The north and south walls of the nave present a rich display.  (See the photograph of the N. front at the top of the page.) The nave is three bays long and the chancel, two, the bays being divided by buttresses with two set-offs and flushwork panelling on their faces.  Between these, there are three-light transomed windows with supermullioned tracery in the chancel and the east and west bays of the nave, and elaborate four-light ones above doorways in the central nave bays.  The form of these last is reminiscent of the bell-openings at St. Edmund's, Southwold, where, in work ascribed to the first decade of the fifteenth century, the middle lights are separated by flushwork buttresses, a feature that has evolved here into purely decorative flushwork panels (and see also the bell-openings of the church at Elmswell, where the work is dated c. 1463), to which flushwork roundels have been added in the spandrels at the top.  The doorways have simple flushwork arches on either side and the masonry has everywhere been arranged in a rough form of chequerwork, using knapped flint on the one hand and a mixture of large fieldstones and small blocks of limestone on the other.  This is seen to especially good effect to the east, around the five-light, transomed chancel window.  The angles of the E. wall are supported by polygonal clasping buttresses, which reduce in width in stages and are also covered in flushwork panelling.  Their primary purpose is clearly decorative rather than functional.  (See the view of the chapel from the east at the foot of the page.)
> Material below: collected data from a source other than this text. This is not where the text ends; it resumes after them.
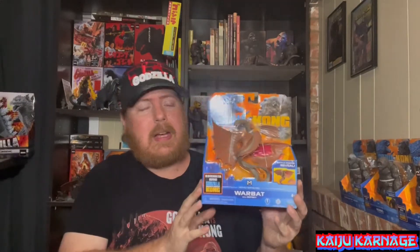The figure I'm going to be unboxing is this guy right here. I have been looking for the War Bat for quite some time — pretty much ever since the film got released and the figures were getting released. This guy has been extremely difficult to find. He was available online but for a crazy price, and I don't know what the deal was, but my local Walmart got a new shipment of them.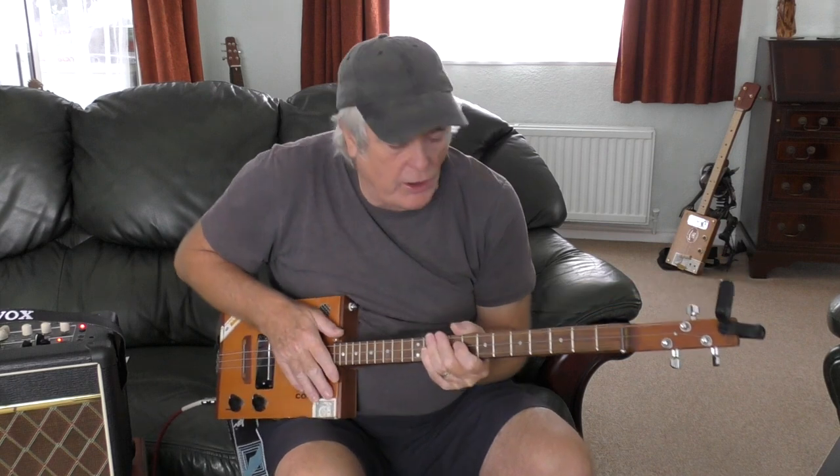Hi guys, how are you all doing today? Today's a little lesson on the old three-string cigar box guitar. It's something done by the Rolling Stones and this is called 'Paint It Black'.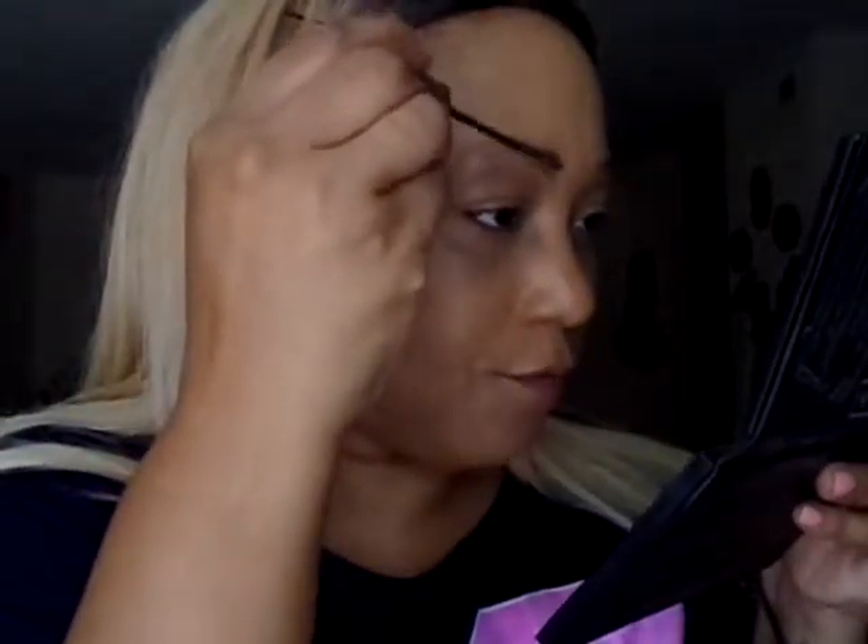Now I'm going to use the L'Oreal Paris Brow Stylist Plumper in Light to Medium. I love this stuff for my brows — it's my favorite product right now. It has changed my brow routine for the better. There are the brows.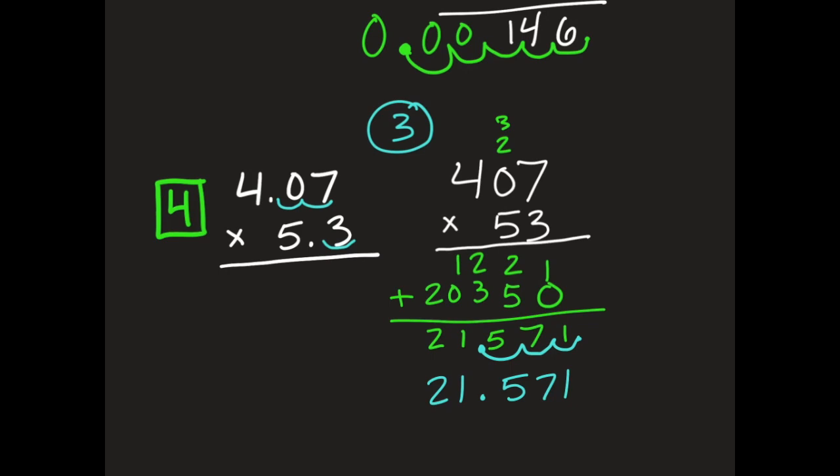If you wanted to try the estimate method from the beginning of the video, you would look at your numbers — 4 and 7 hundredths, and 5 and 3 tenths. If I wanted to estimate, I would keep that at 4 and multiply by 5, which would give me an estimate of 20. So again, I could use that method of placing my decimal point where it makes the most sense based on my estimate.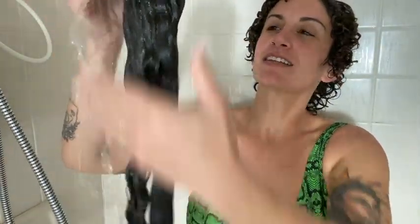I always rinse with warm first to make sure all the shampoo gets out. If you've ever tried to rinse dirty dishes with cold water, the dirt just sits there even if you're using soap. So you definitely want to rinse with warm first, and then I rinse with cold water.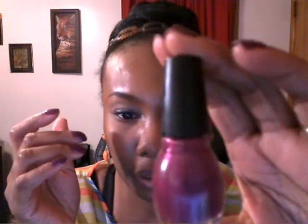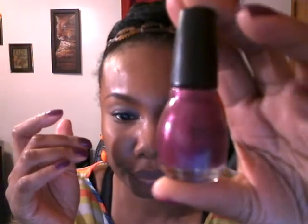This is the nail polish right here that I used. This is by Senfo Colors and the color is called Big. Very cute color.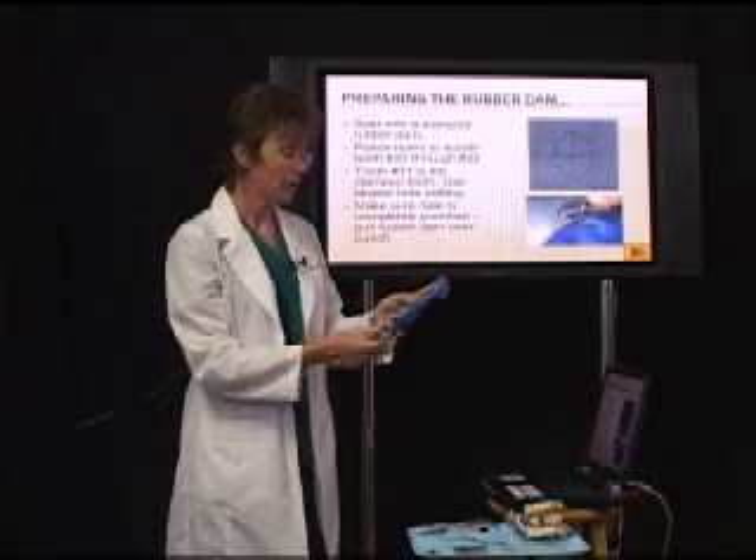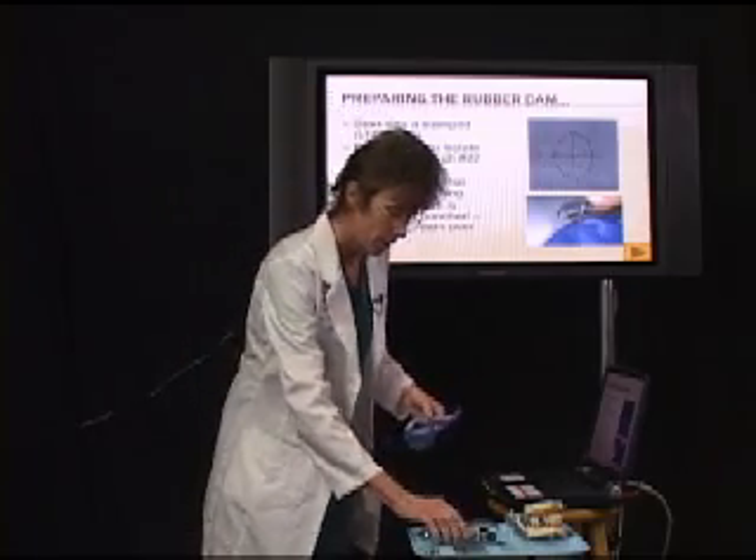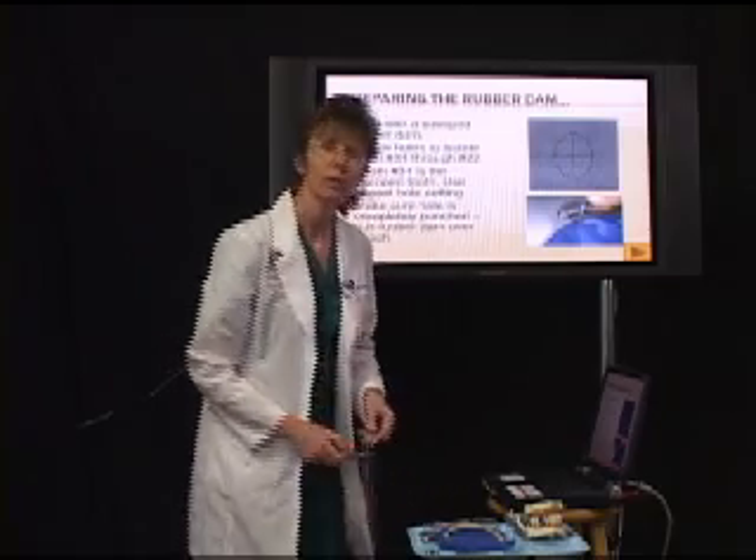When you punch the hole for tooth number 31, the one that we're going to clamp, make sure that you use the largest hole size for that area.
With so many large windows filled with clear glass (except for some re-set fragments in the chancel), "the interior is as translucent as a glasshouse" (Pevsner).  To this the high, slight chancel arch, dying into imposts and fully as wide as the nave itself, the pale-cream-painted eighteenth century stalls east of the doorways, and the high but low-pitched nave and chancel roofs, all add their contribution.  The  benches  west of the doorways  date from the fifteenth century, the more elaborate ones to the north (illustrated left) having possibly been transferred here from the Tyrell Chapel in Stowmarket church.  There is no rood screen, yet one must have existed earlier, for the rood stair can still be seen to the south.  Other woodwork to notice includes the fifteenth century roofs with leaf mouldings on the wall plates, and the pulpit, choir stalls and communion rail, which are all of eighteenth century date.